Last evening technology enthusiasts across the country were disheartened to hear that Senator Patrick Leahy shelved a reform bill aimed at curbing the power of patent trolls. Protecting proprietary technology and confidential information has long been at the forefront of corporate security needs. As our government fails to find a way to improve intellectual property rights here in the states, they have stepped up their game on the other half of the equation, international corporate espionage.
Cyber security was brought back into public focus this week after the United States government indicted 5 Chinese military officials on charges of stealing trade secrets from U.S. based corporations. This was the first time that foreign government officials were charged with industrial spying. Unfortunately international corporate espionage is virtually impossible to enforce because international law doesn’t really exist. Do you think Vladimir Putin cares about what the United States and Europe say about Ukraine?
Because these 5 Chinese government officials are not U.S. citizens, it’s all but certain that nothing material will come from the allegations. But the government was making a statement, even if it was just an implicit warning to let Beijing know that they are being watched. After the massive data breach at Target (NYSE:TGT) back in December and the more recent one this week at eBay (NASDAQ:EBAY) it’s clear that cyber security is a growing issue.
While U.S. corporations are the victims of the attacks, it’s not clear who is behind them. But if you assume that the hackers don’t want to go to prison, it’s a pretty safe bet that they are offshore. The indictments that came out on Monday seem to present a clear signal to the rest of the world, “Hey, you’d better knock that off.”
On the business front corporate espionage is a threat, but on the legal side it’s a real dilemma. Until we come to some sort of international agreement to police cyber attacks originating within our own countries, the internet will remain the wild west across international borders.
Luckily for Target their data breach back in December doesn’t seem to be having too big of an impact on revenue. In a period where we are seeing year over year retail sales growth of -2% and 0% respectively from Macy’s (NYSE:M) and Wal-Mart (NYSE:WMT), Target’s 2% quarterly increase doesn’t look so bad. The good news here is that despite some major negative press, sales have held up and even outperformed their biggest competitor Wal-Mart on a relative basis. The bad news is that Target has struggled to expand in Canada, same store sales slipped, and the company missed the Estimize earnings consensus by 2c per share. Things aren’t great for Target right now, but given the size and severity of the breach they are okay. eBay may have a much bigger problem on their hands.
eBay’s 145 million active users were notified of a hacking attack on Wednesday and were recommended to change their password immediately. The problem for eBay is that they own and operate an internationally recognized online payment platform in PayPal. If millions of users are trusting your platform to store and send money, you’d better have damn good security. eBay could take a much bigger hit to its brand than Target.

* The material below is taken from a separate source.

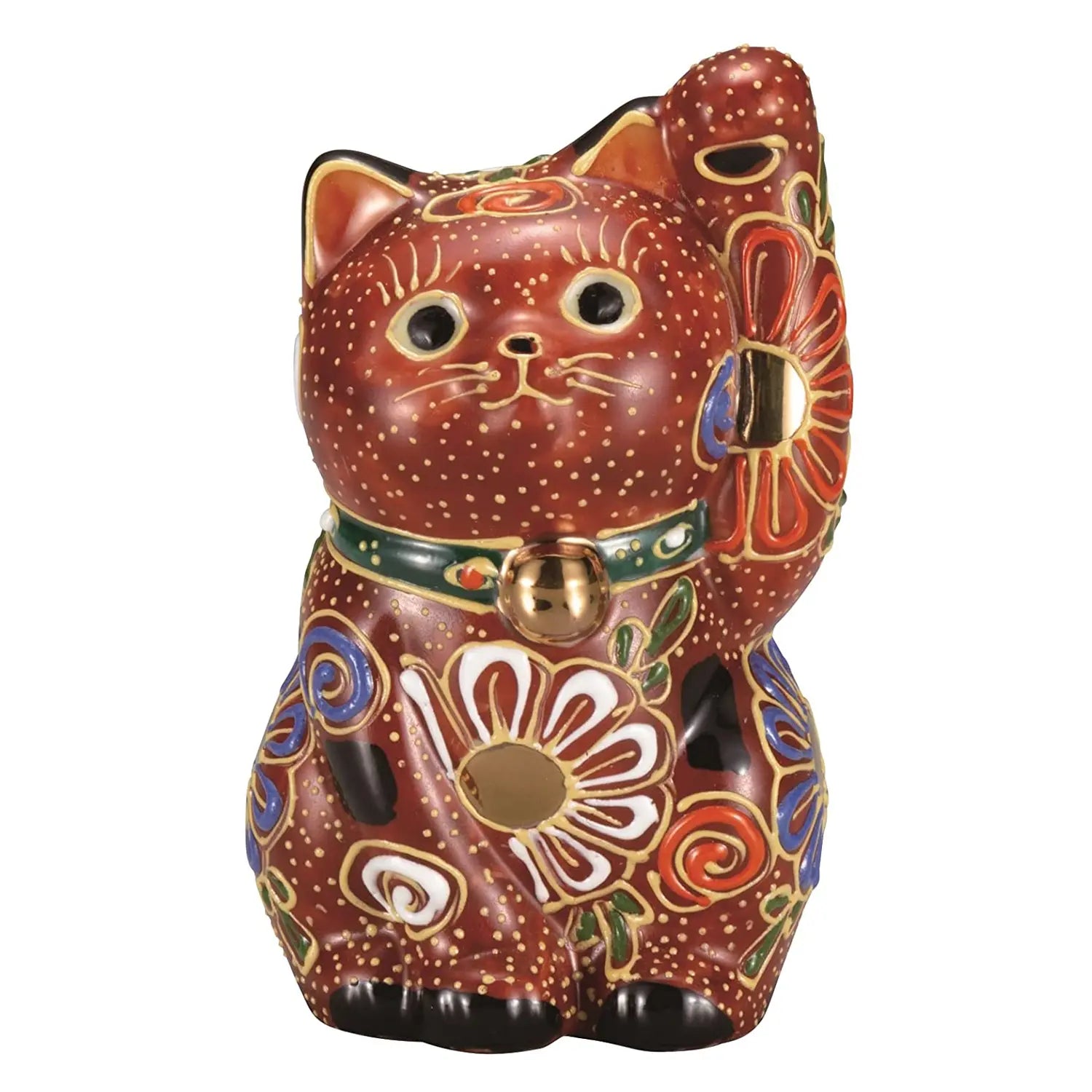 Authentic Japanese Kutani Ware Porcelain Maneki Neko Lucky Cat Figurine 3.2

eBay’s next two earnings reports will be crucial to watch for those thinking about how increasing cyber security needs will affect corporate fundamentals. A big dent in PayPal’s usage could signal rising web-security costs and lower profit for online retail and payment companies across the board. If any company out there would be impacted significantly by a data breach in the near term, it would be an online payments company and we will see a clear drop in eBay’s financial metrics this quarter.